Getting to Know Your GPU: A Deep Dive into AMD SMI#
17 Sep, 2024 by Matt Elliott
For system administrators and power users working with AMD hardware, performance optimization and efficient monitoring of resources is paramount. The AMD System Management Interface command-line tool, amd-smi
, addresses these needs.
amd-smi
is a versatile command-line utility designed to manage and monitor AMD hardware, with a primary focus on GPUs. As the future replacement for rocm-smi
, amd-smi
is poised to become the primary tool for AMD hardware management across a wide range of devices. For those new to hardware management or transitioning from other tools, amd-smi
provides an extensive set of features to help optimize AMD hardware usage.
In this blog post, we will provide you with a practical walkthrough of amd-smi
. We will show you, step-by-step, how to verify the installation of amd-smi
and how to use its main features: access your AMD GPU’s information and metrics, monitor its performance and running processes in real-time, configure its hardware parameters, inspect your AMD GPU’s topology and memory, and more.
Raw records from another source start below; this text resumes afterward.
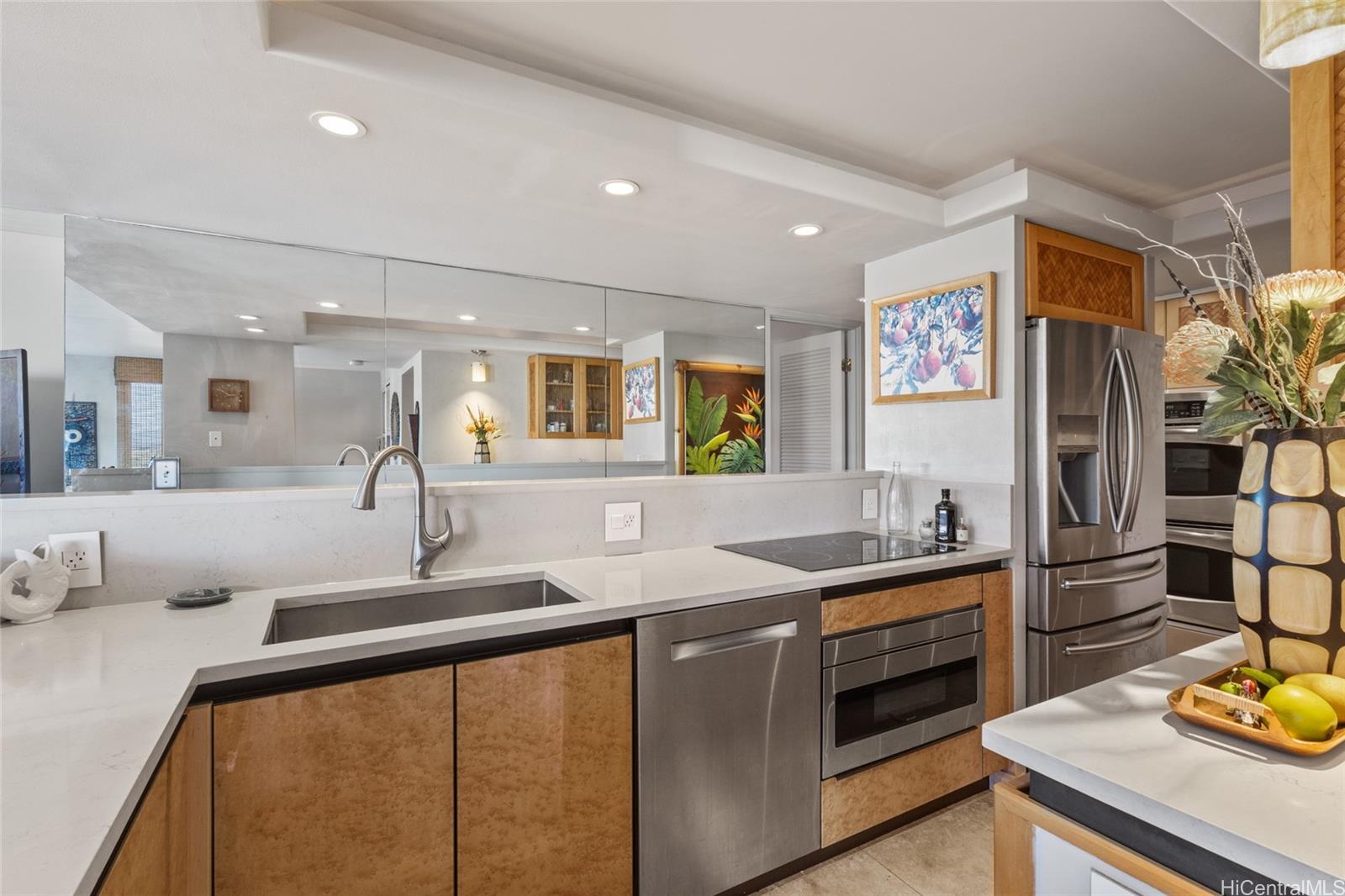 Dowsett Point condo # M8, Honolulu, Hawaii - photo 9 of 20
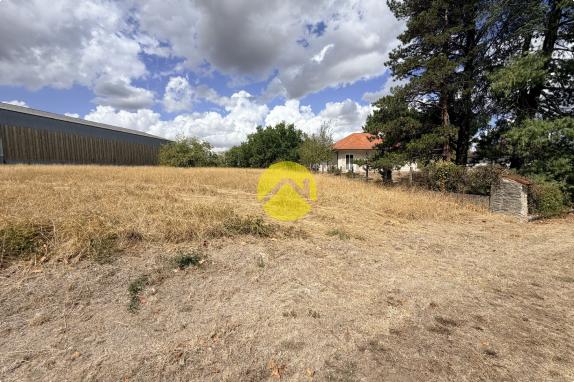 Terrain constructible 4190 m²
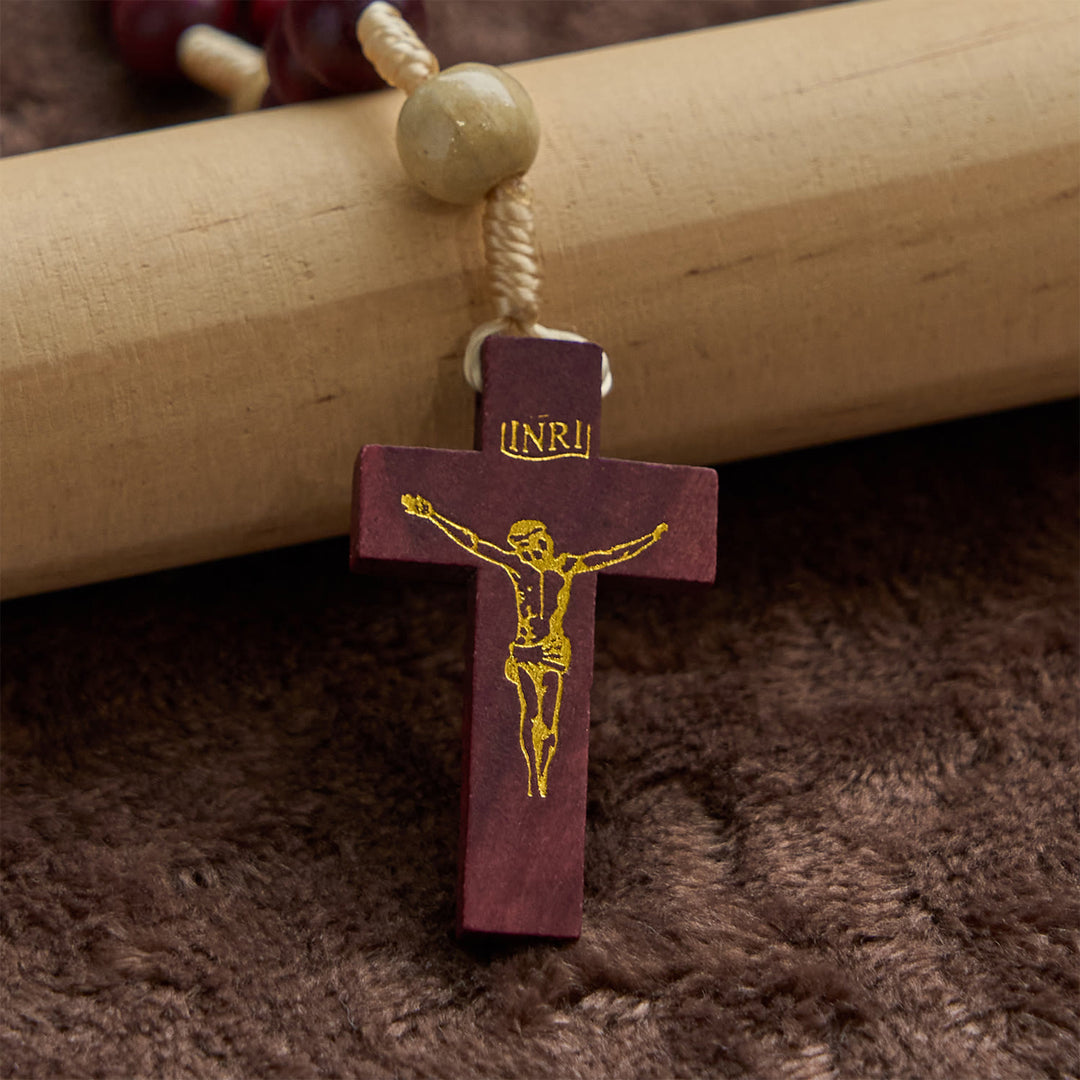 Rosario tradizionale con perline di legno color vino da 10 mm Christianartworkshop : un compagno spirituale senza tempo - image 4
Understanding system management interfaces#
System Management Interfaces (SMIs) are fundamental to modern hardware management and monitoring. These interfaces serve as APIs that provide a standardized way to interact with hardware components. SMIs offer insights into performance and status while allowing for a degree of control.
Users typically interact with SMIs through command-line tools like amd-smi
or programming libraries, rather than engaging directly with the API. This model enables users to integrate hardware management into their own monitoring and automation frameworks, enabling efficient resource utilization and real-time alerts.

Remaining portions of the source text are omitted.